Knowing How to Handle a Divorce


Marriage stands as one of the oldest and most universal institutions in the world, traditionally designed to unite a man and woman into a household that can bear children. Some nations today have also recognized same-sex marriage, and same-sex households are often known to adopt children. But another trend is increasing rates of divorce, and a divorce may call for all kinds of services such as divorce mediators, divorce attorneys, child custody lawyers, and more. Divorce mediation is an option for fairly straightforward and simple marriages, while a more messy and high-stakes divorce may call for divorce lawyers and a court of law. What is there to know about divorce mediators and mediation? Or when do the spouses need the aid of lawyers?

Why Divorce Happens

Many statistics in the United States track marriage in the United States, as well as divorce. Among the most common causes for divorce is infidelity, when one spouse is unfaithful to the other and is somehow discovered doing this. Both men and women cheat, though not always for the same reasons, and discovering an affair can be a real emotional blow. If counseling cannot save the marriage, than divorce may be next. Other households divorce because one spouse is physically, verbally, or even sexually abusive toward other members of the household. One spouse may be abusing drugs or alcohol, which can result in a huge financial strain, loss of a job, personality changes, and more.

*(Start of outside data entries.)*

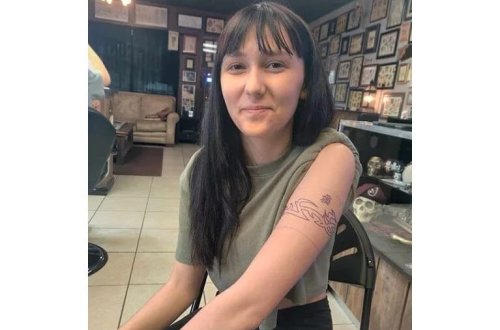 Saçını boyadı, amma sonu faciə ilə bitdi: 18 yaşlı qızın başında dəlik yarandı 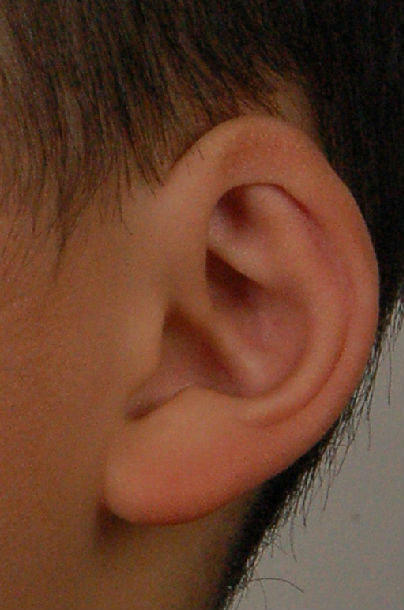 隐耳畸形矫正术前术后照 - 好大夫在线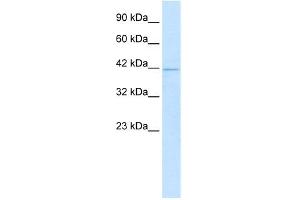 WB Suggested Anti-HOXA10 Antibody Titration:  1. (HOXA10 Antikörper  (N-Term))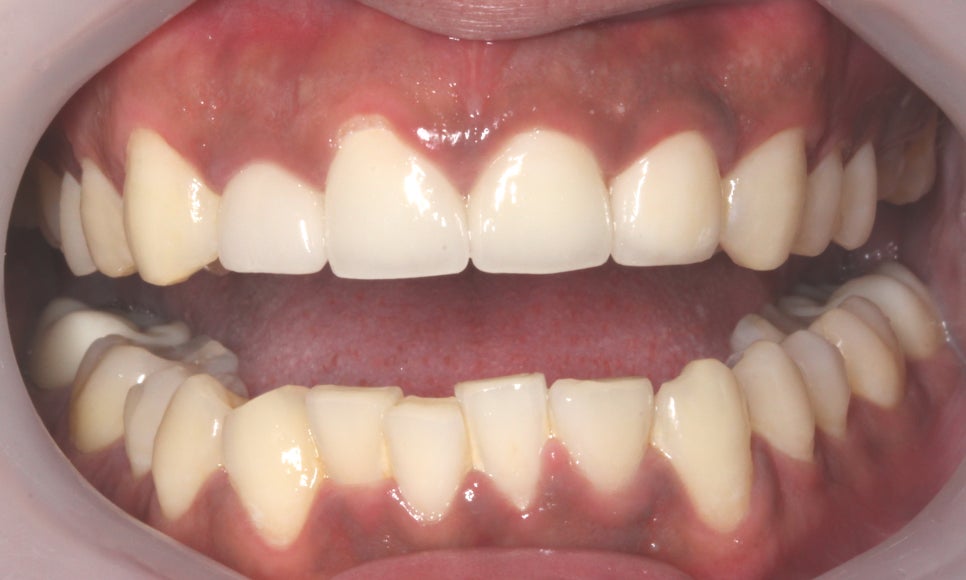 평생 소장! 앞니보철은 자연스러운 2D치과(투디치과) BLINX(블링스)로! 관련 이미지 4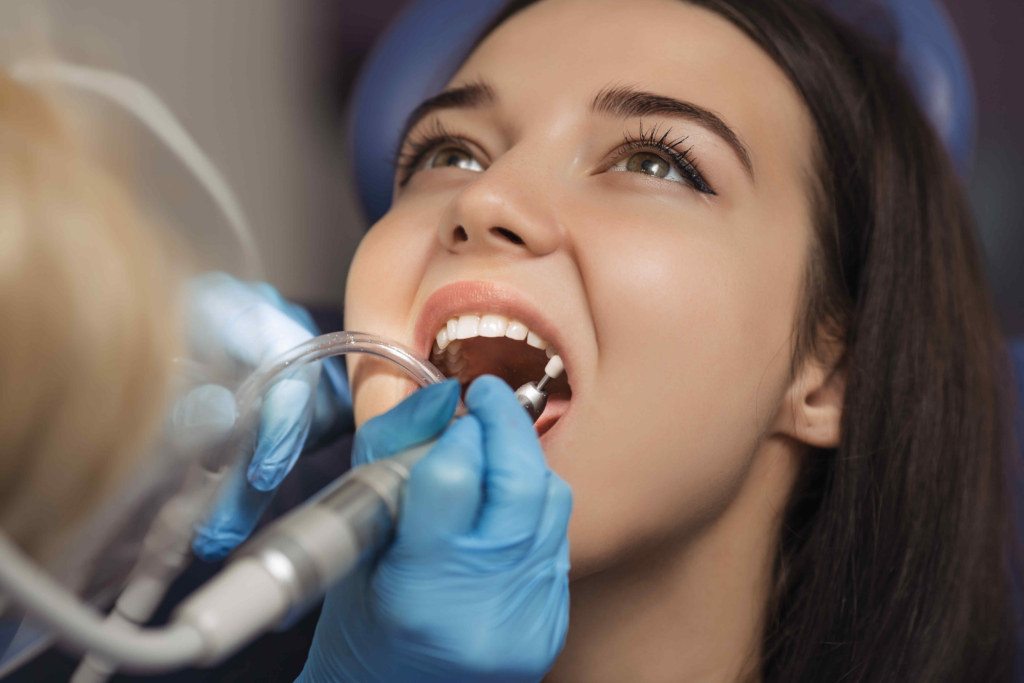 Tooth Filling Services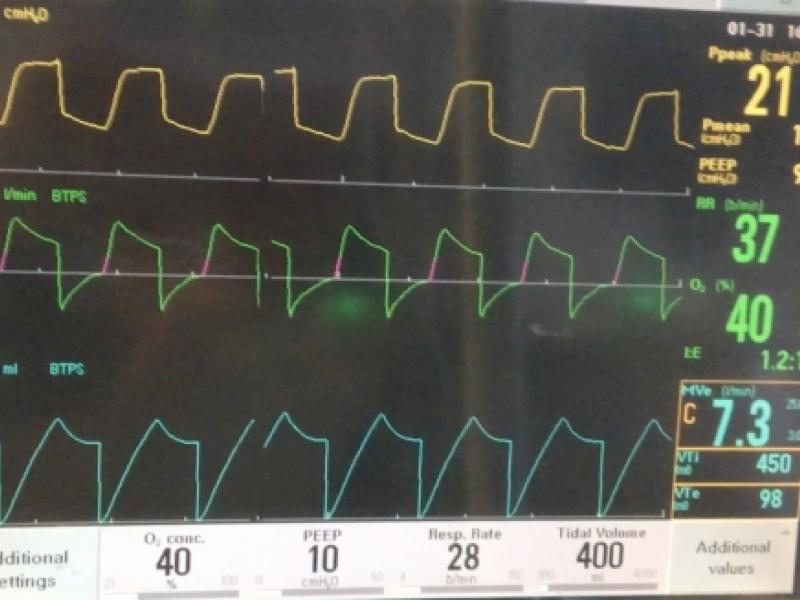 Ventilator management of bronchopleural fistula 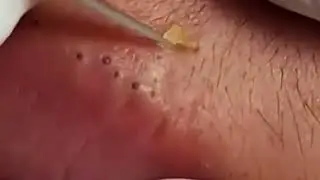 The Most Painful Blackhead Removal Video on Lips 2024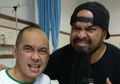 Penyakit yang Diderita Agung Hercules Makin Parah, Tumor Baru Kembali Tumbuh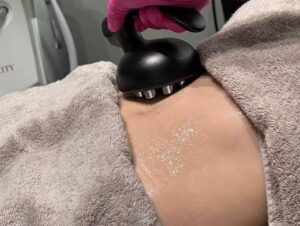 Which Body Contouring Treatment Is Best for You in Edmonton 1 Which Body Contouring Treatment Is Best for You in Edmonton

Not all divorces are like this, however. Many Americans get divorced simply because the two spouses realize that they are not so compatible after all, or they may realize that they have very different lifestyles and spending habits. It is also possible that the two spouses lose interest in each other, and no longer love each other enough to sustain their relationship and marriage. So, they end it.

Hiring Divorce Mediator

Some marriages may be expensive, high-stakes affairs with lawyers, child custody lawyers, and a court. Others are not. Two spouses may hire divorce mediators if they can handle the divorce on their own, without the intervention and expertise of lawyers and the time and effort of going to court. Divorcing couples may call for divorce mediators if their divorce is simple enough to negotiate personally. For example, perhaps the marriage is young, and there are no children or large bank accounts or vacation homes to fight over. That, or the two spouses have fairly similar ideas on how to handle the divorce and thus don’t need to use lawyers to fight over everything. A mediator is a neutral third party whose job is to draw out productive and fair ideas from each spouse, and keep the negotiations running smoothly. The mediator might also act as a referee of sorts, though this mediator will not offer their own ideas and opinions unless asked first. It may also be noted that mediators are typically much cheaper and private to use than divorce lawyers and court, which may appeal to the spouses.

Divorce Court

Many simpler divorce cases only call for divorce mediators, but for other divorces, some lawyers will be called upon. This may happen if the two spouses have very different ideas on what the divorce should look like, and this may happen if one spouse wanted divorce but the other did not. In some cases, if there is abuse present, the abused spouse may relocate to another, private residence with their children and only interact with their other spouse through their lawyer. A spouse may turn to local divorce law firms and consult the attorneys working there (this may or may not incur a fee) and hire one, then file divorce papers. The other spouse may hire a lawyer of their own to represent their interests, and the two lawyers will use the law to negotiate the divorce’s terms on behalf of their respective clients. This may include fighting over a house, cars, bank accounts, or even family heirlooms and jewelry.

If one or more children under age 18 are involved, child custody lawyers may be hired to decide who gets custody of those children. If the child is age 12 or over, he or she may also speak privately with the divorce court’s judge about their living arrangement preferences.